When you migrate an instance from one availability zone (AZ) to another, the volumes that it uses need to be migrated as well.  The Nectar federation does not allow a volume in one AZ to be attached to an instance in a different AZ.

We will describe three distinct approaches to dealing with volume migration.  

  • Discarding and recreating scratch volumes

  • Migrating using Volume Backup

  • Migrating by copying data between volumes.

Each one has advantages and disadvantages.

Assumptions

The instructions in this page assume that you understand how to detach and attach volumes, and format new file systems (when required) and unmount and mount file systems, and deal with Linux’s mechanisms for configuring mounts to persist over reboots.  For more information on these topics, please refer to:

Quotas

All 3 approaches to volume migration require Volume Storage quota in both the old and new AZ’s to hold all of the volumes.  Migration using Volume Backup also requires Object Storage quota to hold the backups.

Approach #1 - Discarding and recreating scratch volumes 

A couple of use-cases for Volume Storage are to provide temporary storage for data intensive computations, or local caching for data that is held elsewhere.  If your volume is used in these (or similar) ways, there is a quick way to deal with migration.

Steps:

  1. While the volume is still attached and mounted, double-check that it does not contain any files that need to be kept.  

  2. Unmount and detach old volume

  3. Delete the old volume.  (You could defer this, but there is little point if you already know that doesn’t contain anything of value.)

  4. Create a new empty volume in the new AZ.  You could create it with a larger or smaller size than the original volume.

  5. Attach the new volume to the new instance, format it and mount it.

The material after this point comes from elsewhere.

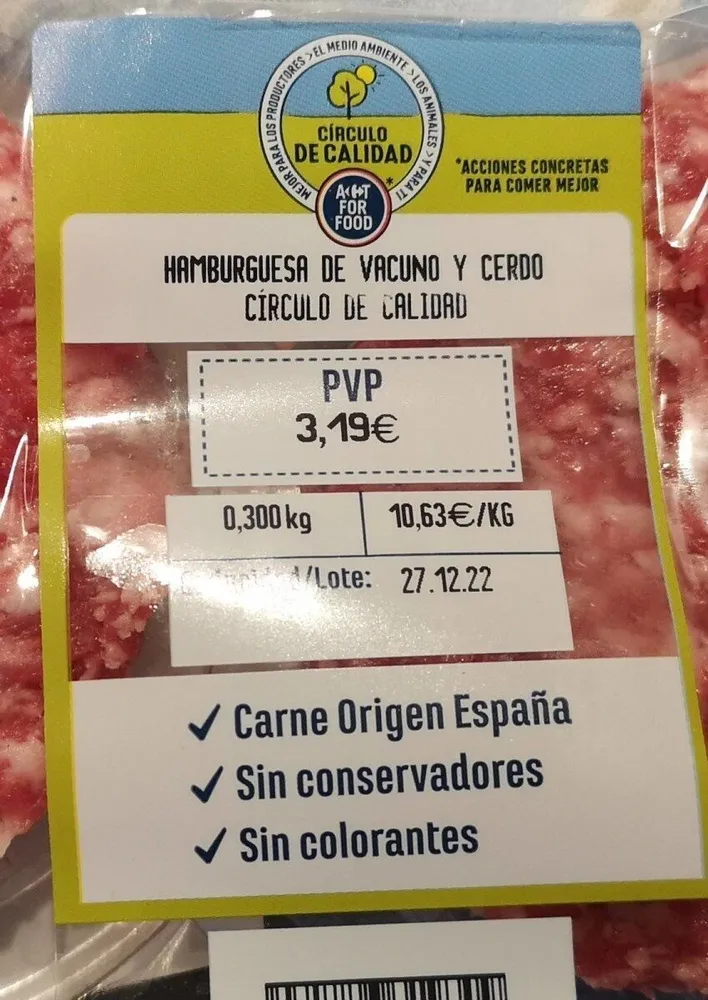 Hamburguesa de vacuno y cerdo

Approach #2 - Using Volume Backup

In some respects, migration using the Volume Backup service is the simplest approach.  Unfortunately, it won’t always work:

  • Volume Backup may not work for large volumes. The server that performs the backup creates a temporary copy in local disk space before uploading the backup to Object Storage. If the volume is too large, there may not be enough disk space for the temporary copy.  It is not possible to say how large is “too large”, but as a rule of thumb, backups are normally expected to work for volumes with sizes up to 500 GB.

  • The QCIF Nectar Node does not currently implement the Volume Backup service.  This means that volumes cannot be migrated out of or into the QRIScloud AZ using backup and restore.

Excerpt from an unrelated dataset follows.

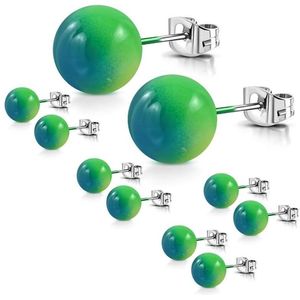 Aramat jewels ® - Bolletjes oorstekers groen donkerblauw geel acryl staal 8mm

Note that Volume Backup stores the volume backup in Object Storage, and therefore requires sufficient Object Storage quota for the backup.

Steps:

  1. Unmount and detach the volume from the old instance.

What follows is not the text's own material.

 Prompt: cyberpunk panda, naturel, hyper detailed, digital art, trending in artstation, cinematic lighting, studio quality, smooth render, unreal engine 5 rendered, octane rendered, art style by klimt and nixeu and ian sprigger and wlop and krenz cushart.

  2. Use the Volume Backup service to create a volume backup.  Check that the backup has completed successfully.  (NB: Do not use a Volume Snapshot. You will not be able to create a new volume in the new AZ from the snapshot.)

  3. Create a new volume from the backup in the new AZ 

  4. Attach the new volume to the new instance.

  5. Wait.  It is advisable to keep the old volume for a few days in case it is needed to roll back the migration.

  6. Delete old volume and the backup

Approach #3 - Copying data between Volumes

The final approach is to copy the data from one volume to another while they are mounted on instances.  This approach should work in all cases, irrespective of the volume size and location. You can also be selective in the files that you copy, or use this as an opportunity to downsize the volume.

This approach is more involved than the Volume Backup approach, and may take longer  in some circumstances.  The following instructions assume that you are familiar with SSH public key authentication and the way that the “rsync” command works. They also assume that you understand how Linux user accounts (uids) and groups (gids) work.

Steps:

  1. Ensure that the old volume is attached to the old instance in original AZ.

  2. It is advisable to create precautionary backup of the data in the old volume before you start.

  3. Create the new volume in new AZ.  You could create it with a larger or smaller size than the original volume.

  4. Attach the new volume to the new instance, format it and mount it.

  5. Assuming that you are going to “push” files from the old instance to the new instance, arrange that you have the private key for the new instance’s admin account on the old instance. 

  6. Use rsync to copy the data from the old volume to the new volume. This could take some time, especially if your volume’s content consists of a huge number of small files.

NB: You need to be careful when running “rsync”.  If you get the command line options and arguments incorrect, there is the potential to clobber all of the files in the old volume. 

  1. Detach the old volume from the old instance.

  2. Wait.  It is advisable to keep the old volume for a few days in case it is needed to roll back the migration.

  3. Delete old volume and (optionally) the precautionary backup.